From Points West magazine
Originally published in Summer 2013
Distinctive Firearms from the Smithsonian
In 1876, the Smithsonian’s National Museum of American History established the National Firearms Collection in honor of the American Centennial. Since then, it has grown to nearly 7,000 artifacts. In the collection are a range of firearms that have helped shape the American experience and identity.
The Buffalo Bill Center of the West, an Affiliate of the Smithsonian Institution, is proud to announce the journey westward of sixty-four unique firearms from this collection—including four which many consider national treasures. Among these artifacts are numerous patent models documenting innovations in the field, international imagination, and historic distinction. The Smithsonian entrusted the Center with the conservation of these firearms and is honored to display them at the Cody Firearms Museum.
Included in this exhibition is a seven-foot-long gold Miquelet lock musket given to President Thomas Jefferson in 1805 by the Bey of Tunisia after the Tripolitan Wars—an extravagant firearm often considered a national treasure. Another treasure is a beautifully embellished Jaeger rifle that belonged to Catherine the Great of Russia (1729–1796). A velvet cheek piece added to this firearm ensured her imperial face would not touch the stock.
The Gatling gun, western cinematic favorite, is easily recognizable in the category of patent innovation. Before inventor Richard Gatling could make his invention a reality, he first created a miniature wooden prototype for the U.S. Patent Office—on display with this collection. Patent officials approved the design in 1862, allowing for the production of the full scale Gatling guns, examples of which visitors can see throughout the Cody Firearms Museum.
The Buffalo Bill Center of the West and the Smithsonian Institution invite you to explore these firearms that have helped shape our nation and beyond. Both institutions hope that you’ll allow this exhibition to mold your own experiences and conceptions of firearms from invention to production, and then illuminate for you their roles in the development of our nation.
Patent and experimental models
Obtaining a patent is not a new process; in fact, the procedure has been around since ancient Greece. Patents were well known in North America as early as the eighteenth century, but weren’t strictly enforced. Thomas Jefferson formed a patent committee in 1790, but the group dissolved three years later. The process was revived in the early nineteenth century, but was placed under investigation in 1836—prompting the U.S. Patent Act of 1836, which standardized the patent process.

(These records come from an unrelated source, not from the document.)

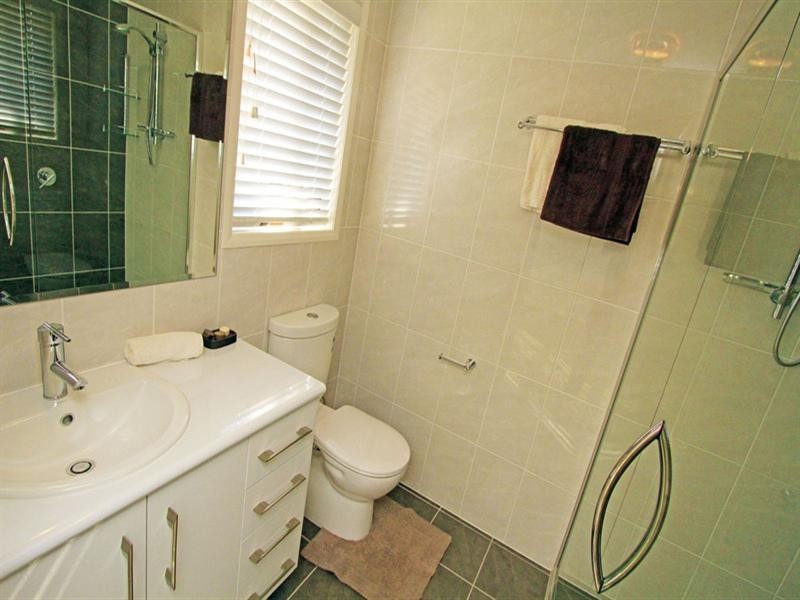 25 Jamie Crescent, Gracemere QLD 4702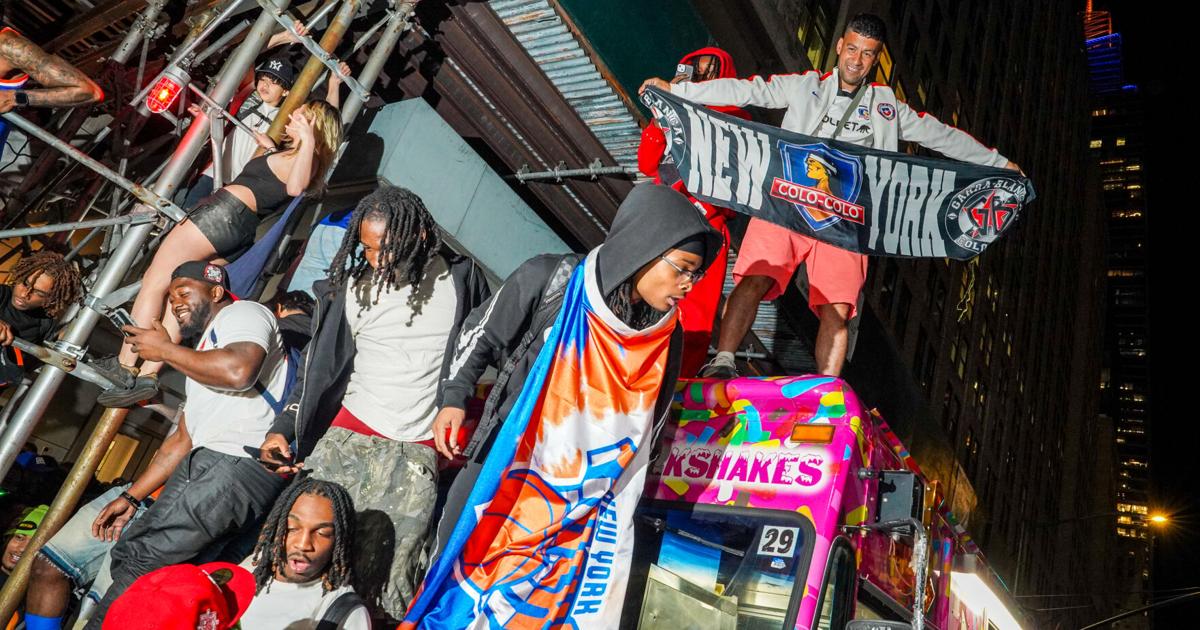 A 'rowdy' Knicks watch party ends with 21 in custody and 5 officers injured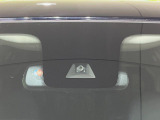 【インテリジェントエマージェンシーブレーキ】フロントカメラで前方の車両や歩行者を検知。衝突しそうな時は衝突被害軽減ブレーキが作動、衝突回避をサポート。より安全にドライブをお楽しみいただけます。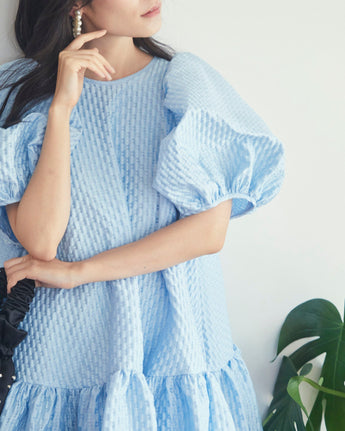 Cecilie Bahnsen(セシリー バンセン)のひざ丈ドレス結婚式やパーティーにぴったりのレンタルアイテム。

According to the Act, all inventions had to be novel and useful. A look at these patent model firearms shows that some proved to be innovative technological advancements; others were downright dangerous.

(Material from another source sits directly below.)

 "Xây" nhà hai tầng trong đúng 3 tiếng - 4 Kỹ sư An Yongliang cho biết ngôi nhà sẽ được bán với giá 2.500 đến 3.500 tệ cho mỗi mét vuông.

Throughout history, amateur and professional inventors have attempted to improve upon firearms technology with rare and unique experimental designs. Some were successful; others were never produced past their experimental phase. Moreover, craftsmen sometimes custom-made an experimental firearm for a particular individual, never intending to mass produce it.

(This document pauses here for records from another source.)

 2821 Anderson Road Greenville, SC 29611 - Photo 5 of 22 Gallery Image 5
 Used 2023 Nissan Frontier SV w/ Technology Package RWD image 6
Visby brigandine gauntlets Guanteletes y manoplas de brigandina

The U.S. Patent Office donated the firearms that comprise the Smithsonian Collection of Patent Firearms. The patents for the selection of firearms on display range from 1836 to 1879.
Possessors and users
Firearms reveal stories and reflect diverse cultures. Some of these stories become disjointed when the object is separated from its owner. However, when the two come together, the stories are rich and entertaining, and can reveal previously untold stories from history as well as the origin of a particular firearm.
While the National Firearms Collection is located at an American history museum, the collection is not limited to strictly American firearms. It contains firearms from around the world. Firearms experts know that some of the most embellished guns ever designed were developed in foreign countries. In fact, many art museums display these types of firearms in their galleries as works of art.
The Buffalo Bill Center of the West thanks the Smithsonian Institution’s National Museum of American History, Kenneth E. Behring Center, for sharing this extraordinary exhibit. The collection is on display through 2015.